- Record extracts -
···
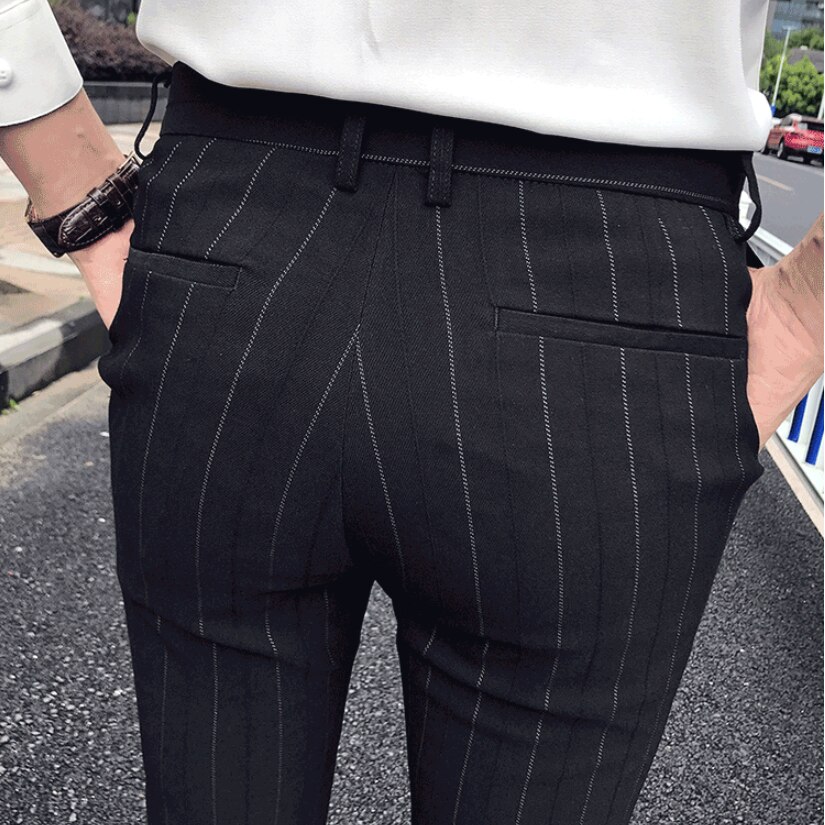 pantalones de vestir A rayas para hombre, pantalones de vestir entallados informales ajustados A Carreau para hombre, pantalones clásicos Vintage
···
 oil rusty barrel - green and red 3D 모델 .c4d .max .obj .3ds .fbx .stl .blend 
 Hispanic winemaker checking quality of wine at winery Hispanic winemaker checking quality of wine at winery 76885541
···
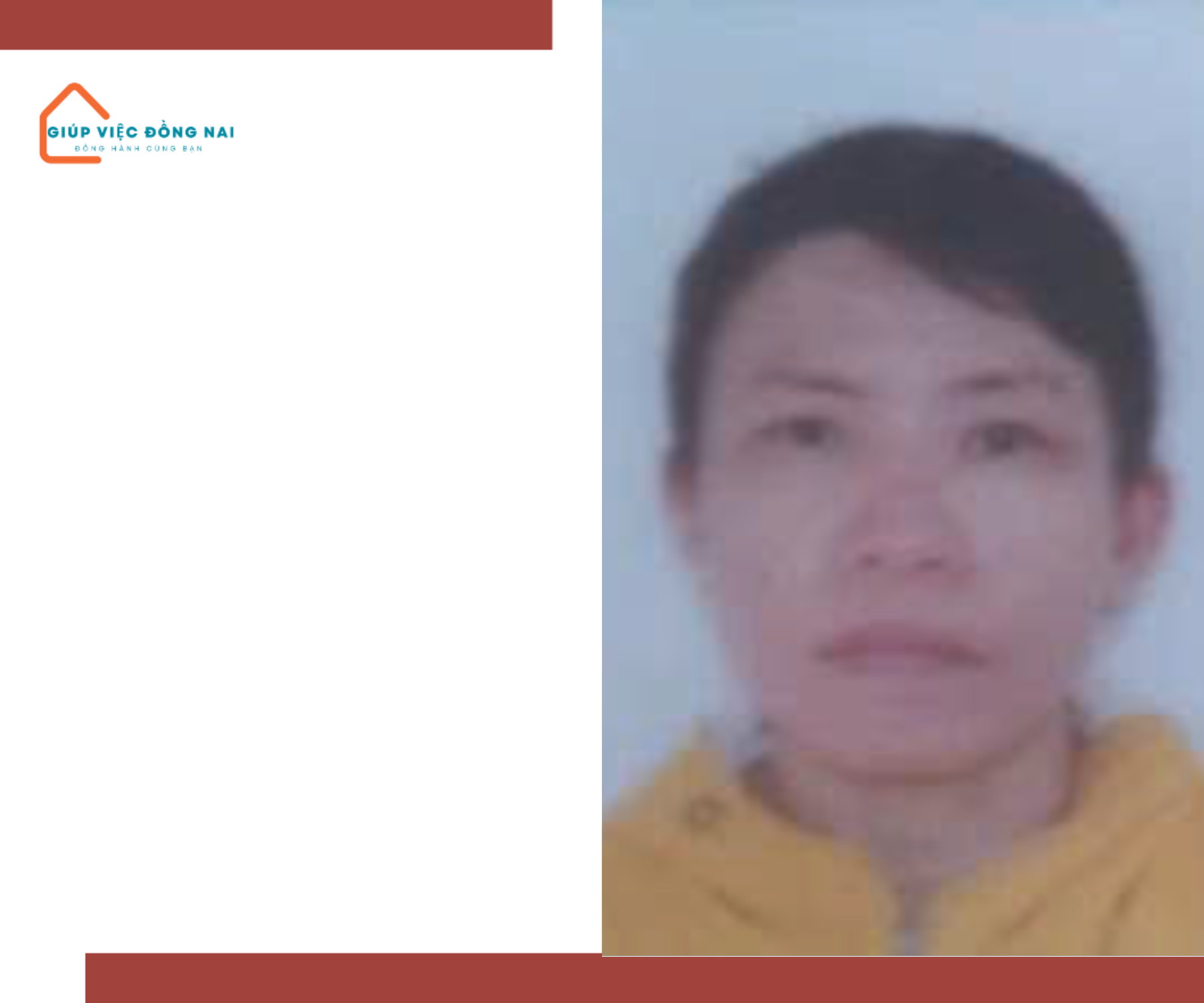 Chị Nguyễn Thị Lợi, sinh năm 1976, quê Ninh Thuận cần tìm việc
···
- What is being asked -
Could you retype exactly the lines above, starting at the line that contains "oil rusty barrel" and ending at the line that contains "Hispanic winemaker checking quality of wine at winery Hispanic", and nothing more?

- Worked solution -
 oil rusty barrel - green and red 3D 모델 .c4d .max .obj .3ds .fbx .stl .blend 
 Hispanic winemaker checking quality of wine at winery Hispanic winemaker checking quality of wine at winery 76885541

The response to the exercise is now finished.